------ EXTRACTED RECORDS ------

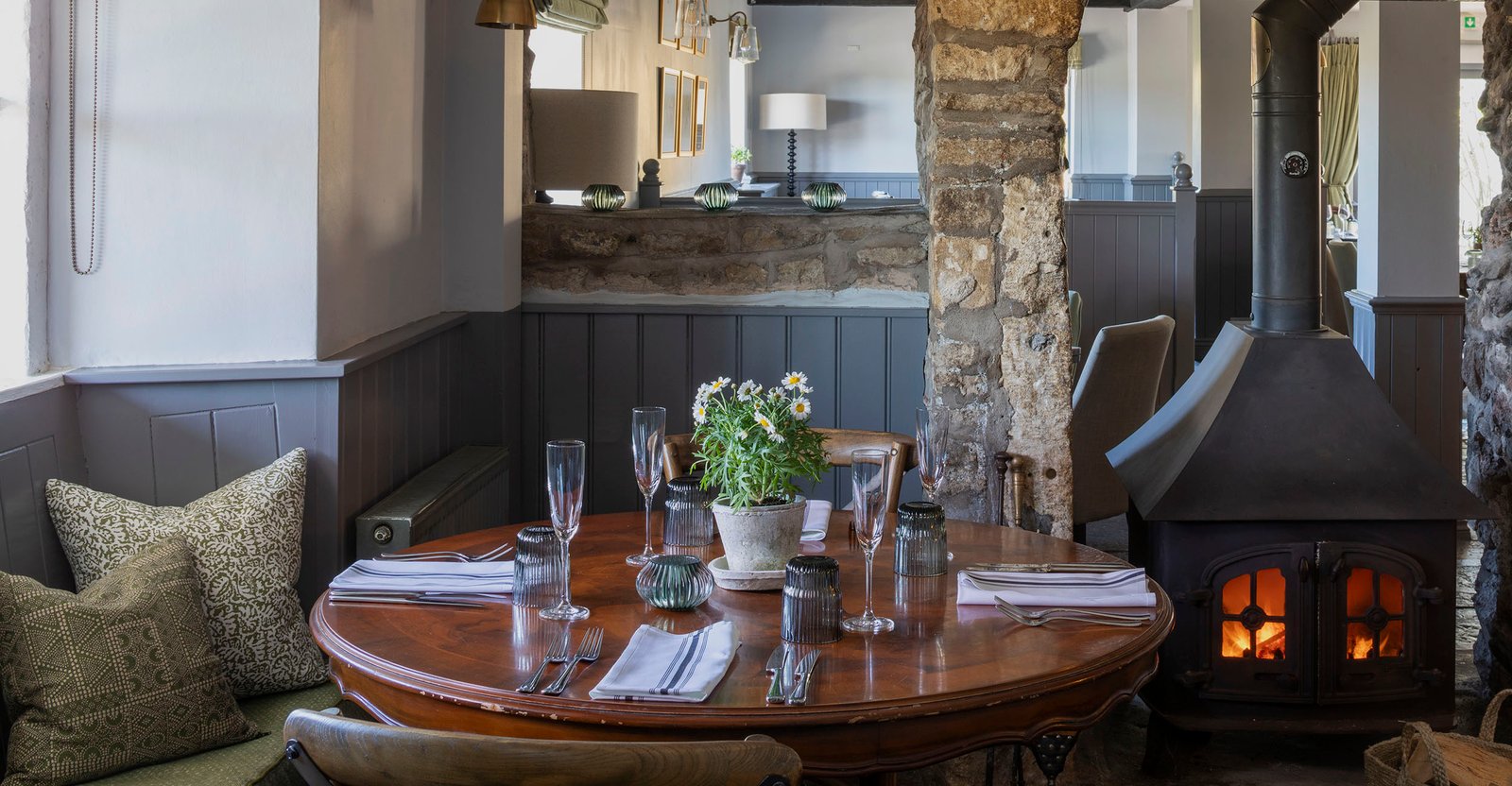 The Holcombe, the dining room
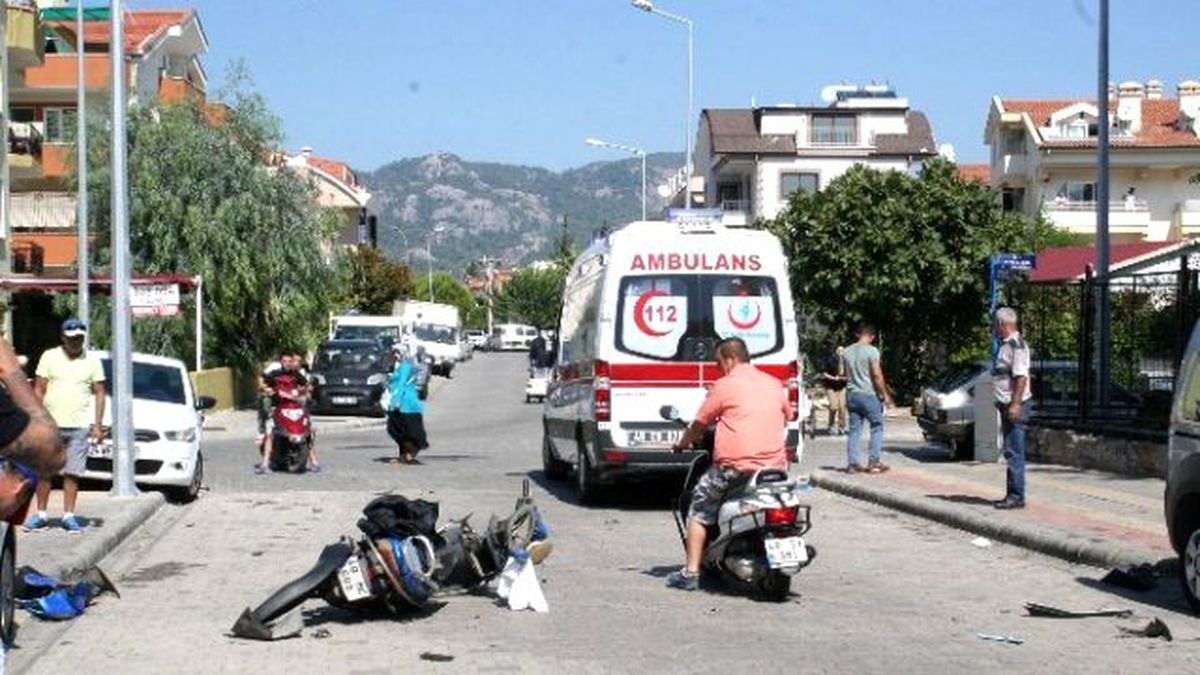 Marmaris\'te Trafik Kazası; 1 Yaralı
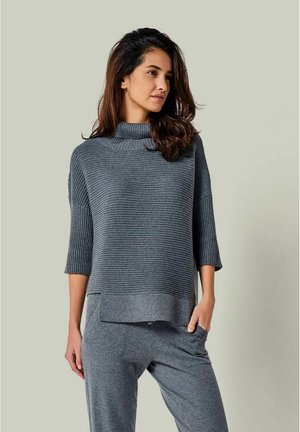 YOU LOOK PERFECT BAILEY -   MERINO WOOL KNITTED TURTLENECK PULLOVER - Strickpullover - anthrazit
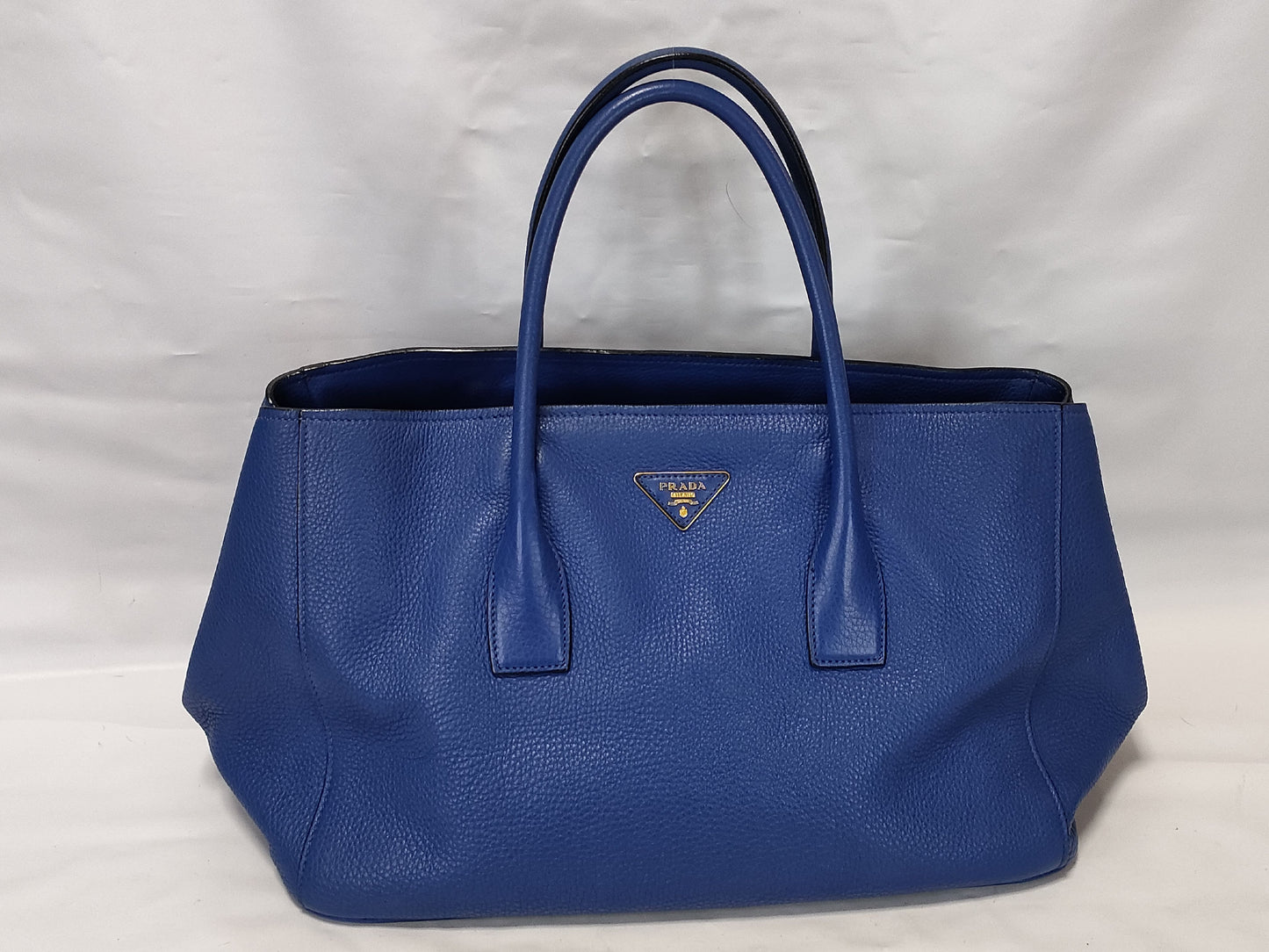 PRADA PRADA Tote Bag Leather Blue Tote Bag
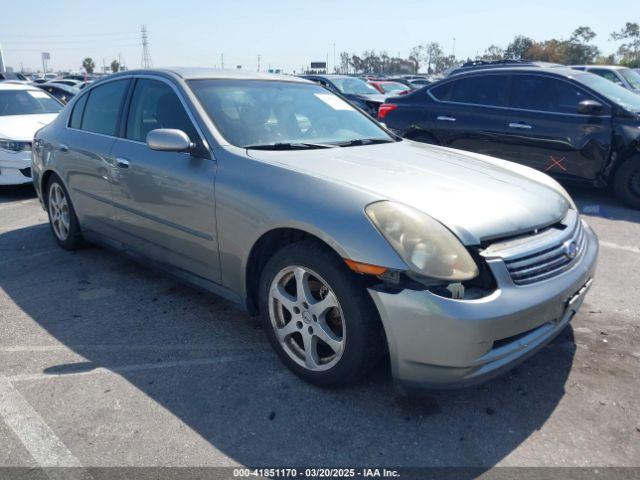  Salvage INFINITI G35
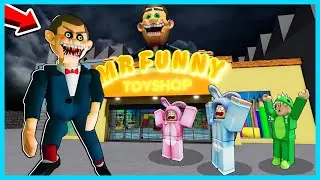 MIPAN & ZUZUZU Jadi Penjaga Toko Mainan Mr Funny Di Malam Hari Tapi Mainan Nya Hidup! ROBLOX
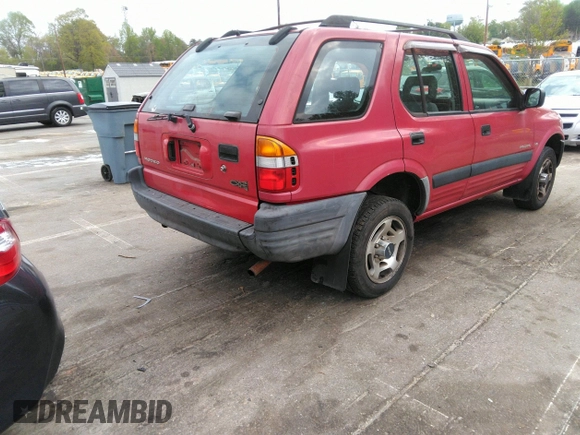 1998 Isuzu Rodeo S z VIN 4S2CK58WXW4325645, wystawiony jako IAAI lot #42013228 z przebiegiem 300 698 mil mil oraz . Historia ofert i sprzedaży dostępna na DreamBid. Obrazek 4.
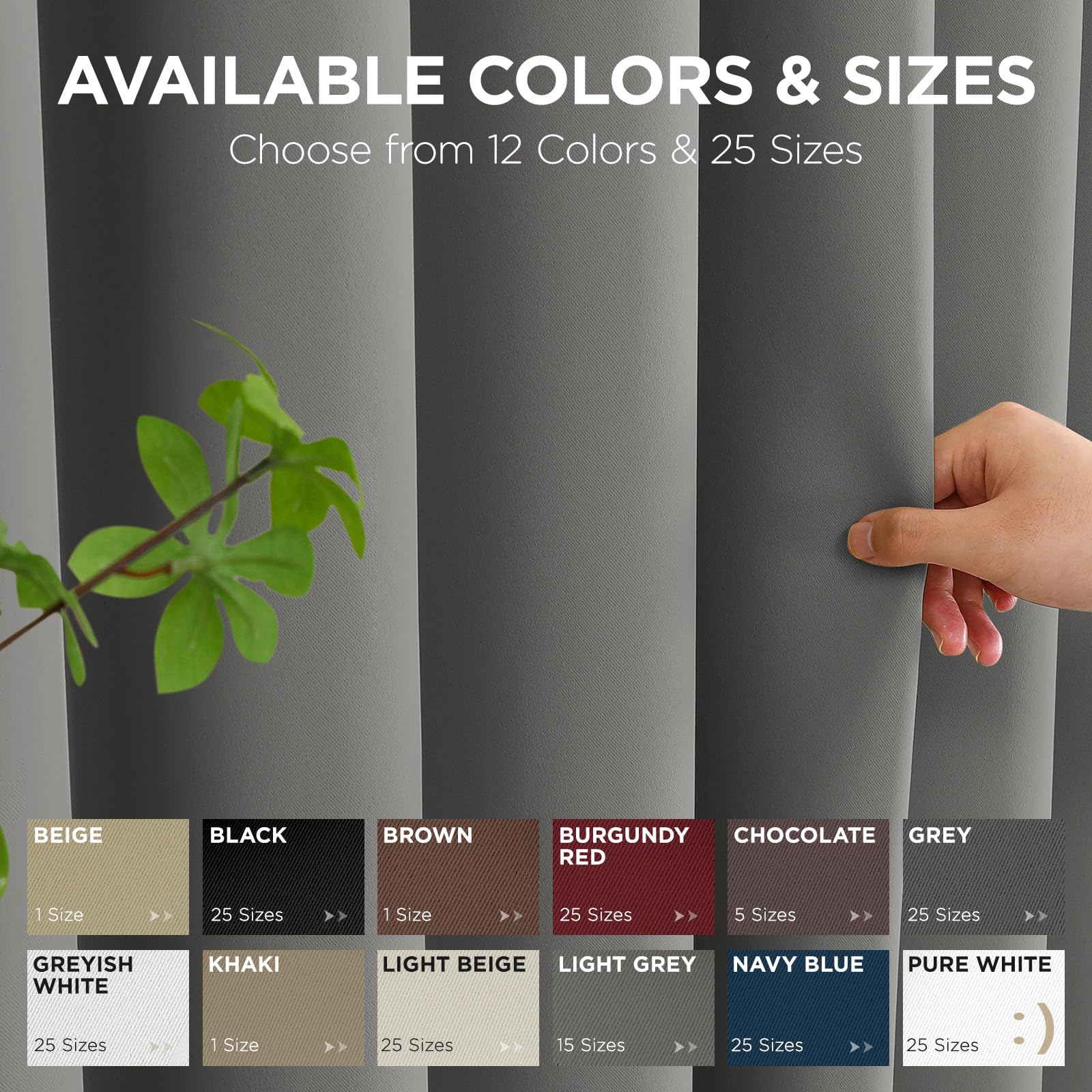 Blackout Patio Sliding Door Curtains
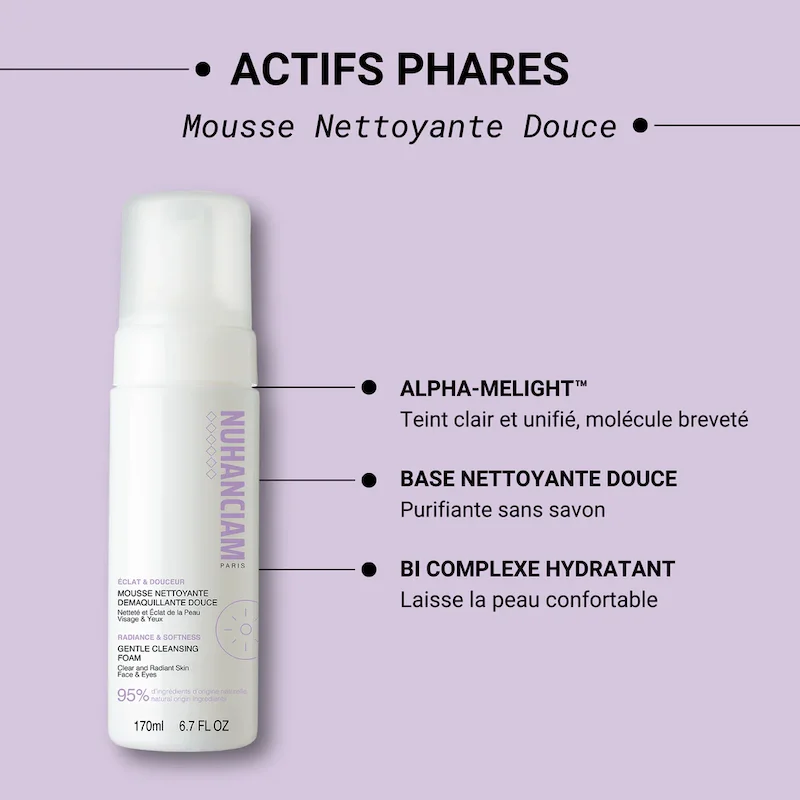 Mousse Nettoyante Douce - Nuhanciam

------

## WORK ORDER
Would you set down the material exactly as it stands, without the pictures?

## ANSWER
 The Holcombe, the dining room
 Marmaris\'te Trafik Kazası; 1 Yaralı
 YOU LOOK PERFECT BAILEY -   MERINO WOOL KNITTED TURTLENECK PULLOVER - Strickpullover - anthrazit
 PRADA PRADA Tote Bag Leather Blue Tote Bag
  Salvage INFINITI G35
 MIPAN & ZUZUZU Jadi Penjaga Toko Mainan Mr Funny Di Malam Hari Tapi Mainan Nya Hidup! ROBLOX
 1998 Isuzu Rodeo S z VIN 4S2CK58WXW4325645, wystawiony jako IAAI lot #42013228 z przebiegiem 300 698 mil mil oraz . Historia ofert i sprzedaży dostępna na DreamBid. Obrazek 4.
 Blackout Patio Sliding Door Curtains
 Mousse Nettoyante Douce - Nuhanciam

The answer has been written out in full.